Thursday, November 14, 2019

“In this World”

While the work of Mary is something clear and simple, it can never be defined in fixed activities, because how the work of Mary is to be done will depend on the changing times, cultures and needs of the world. Two of Colin’s early realisations will help us here.The first one is summed up in three words he uses in his Constitutions: Marists find their rightful place in this world. This realisation was probably an element in Colin’s transformation at Cerdon. From one whose only thought was to retire into the forest, Colin emerged as a Founder and Superior General of a Congregation whose horizons extended to the end of the world. He began to realise that the arena for the work of Mary, where she wants Marists to be, is in this world.

In the world because Marists are not to be monks or hermits, but people of the market place. In this world, because Marists find themselves in the world as it is, and not in an idealised world of the past, or a utopian world of the future. And finally, they are in the world, and not on the sideline watching with regret the passing of an age.

The second conviction for Colin was that if this world, and the whole of this world, is the arena for Mary’s work, then a vast organisation is necessary: priests, religious and laity all working in their own environment and according to their own vocation.

This idea was clearly grasped at the beginning, especially by the lay people. Even in the early years at Cerdon, the Colin brothers had gathered about 30 lay men together in the presbytery. In Lyon another group of men formed, showing astonishing initiative.

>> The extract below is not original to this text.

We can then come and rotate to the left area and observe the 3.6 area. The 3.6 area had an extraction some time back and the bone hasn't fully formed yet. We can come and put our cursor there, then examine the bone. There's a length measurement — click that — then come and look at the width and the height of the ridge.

In the course of time, several other branches developed: groups for single women, for mothers, for girls, for young men, for married men, and for diocesan priests. These people knew they belonged “in the world”.

However because of the decision of the Roman authorities, “Society of Mary” came to mean only “order of priests”.

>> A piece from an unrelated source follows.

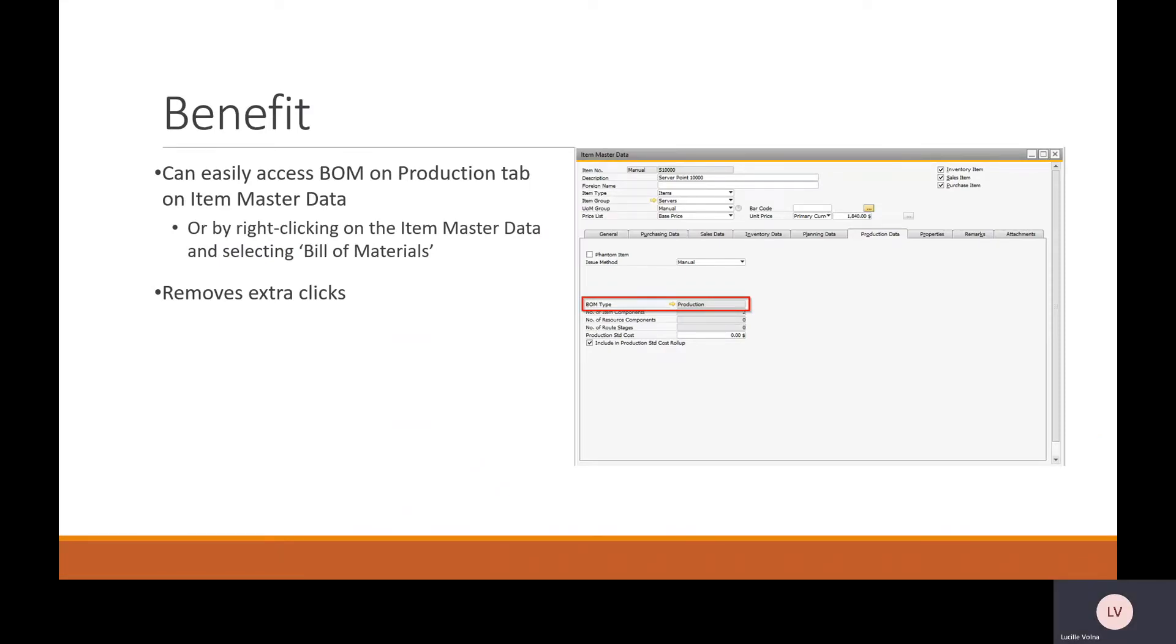This feature does provide benefits just because you can easily access the item master data or the bill of materials whichever way you have it set up, and there are still ways to easily access either one. It overall just saves time for users which can be really beneficial when working in SAP.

By 1872 the “Third Order” was no longer considered as one of the branches of the “Society”; it had become a loose appendage of the Marist priests.

Something of the cutting edge of the original plan was lost.

When a congregation is defined as a “congregation of priests” then inevitably lay people become objects of the ministry of the priests. As we understand the project today, lay people are not the objects of the priests’ ministry, nor even sharers in their ministry.

Rather, all Marists – priests, religious and laity – are to involve themselves in “the work of Mary” and to do it “in this world”.